During the late 1960s, the construction of Interstate 91 and the resulting white flight of wealthy and upper-middle-class Springfielders to Western Massachusetts' suburbs had a detrimental effect on the city's Metro Center and the Sheraton-Kimball Hotel, as it did on most U.S. cities and their urban hotels. During the 1970s and early 1980s, many Gilded Age hotels like the Kimball were torn down in the United States. In 1983, the Kimball was spared the wrecking ball by the National Register of Historic Places. Soon after, two developers purchased it to develop condominiums. Amid the renovation of the 309-room Hotel Kimball into the 132-room Kimball Towers, its developers filed for bankruptcy. Later they were imprisoned for a different development. For nearly a decade thereafter, the Kimball Towers were managed by the Federal Deposit Insurance Corporation. Many of the Kimball's units were left unfinished or bare by the developers, who had completed only the top three floors of the ten-story building (floors 6, 7, and 8).

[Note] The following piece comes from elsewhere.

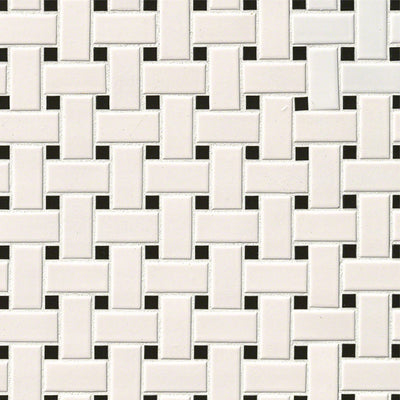 White and Black, Basketweave Mosaic | Porcelain Kitchen and Bath Tile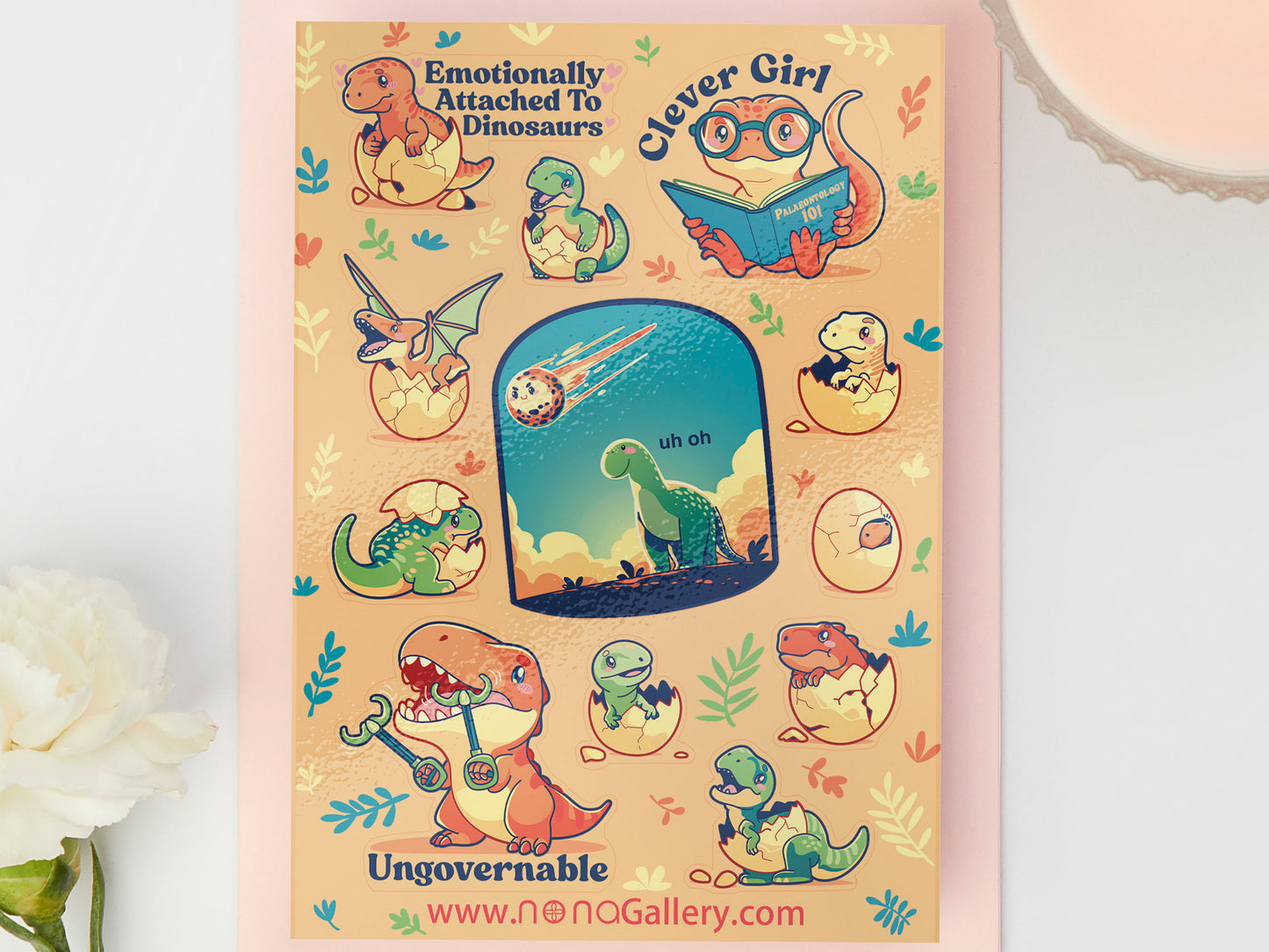 Cute gloss vinyl waterproof sticker sheet of multiple cute chibi baby dinosaurs with multiple relatable and funny quotes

During this period, many Kimball units were sold to absentee landlords, as the building's (and Springfield's) future seemed uncertain.

During the new millennium, the Kimball staged a comeback. It achieved financial and managerial stability, which had eluded it since its days as the Sheraton-Kimball Hotel. The "Millennium Room"—originally part of the Kimball's famous Pickwick Lounge restaurant and bar, which played host to numerous Kennedy family campaign meetings—was renovated and now features regular art shows and entertainment by artists and musicians. In 2011, the Kimball celebrated its 100th anniversary on St. Patrick's Day, 2011. As of 2012, the Kimball Towers is primarily owner-occupied, and currently undergoing extensive renovations in accordance with its Historic Preservation Certificate.

===Westinghouse's WBZ===
The Kimball is famous as the site of one of the United States' first-ever commercial radio stations, Westinghouse's WBZ. From 1921 until the station moved to Boston, Massachusetts in the 1930s, WBZ's standard broadcast identification was "WBZ-AM, Hotel Kimball, Springfield" and later "WBZA-AM & FM, Hotel Kimball, Springfield." The radio station's headquarters in the Hotel Kimball lured the day's most popular entertainers to Springfield—a mid-sized city, although from the 1870s–1960s also one of the United States' wealthiest. These entertainers were drawn by the hotel's reputation as much as the radio station's, and Springfield's.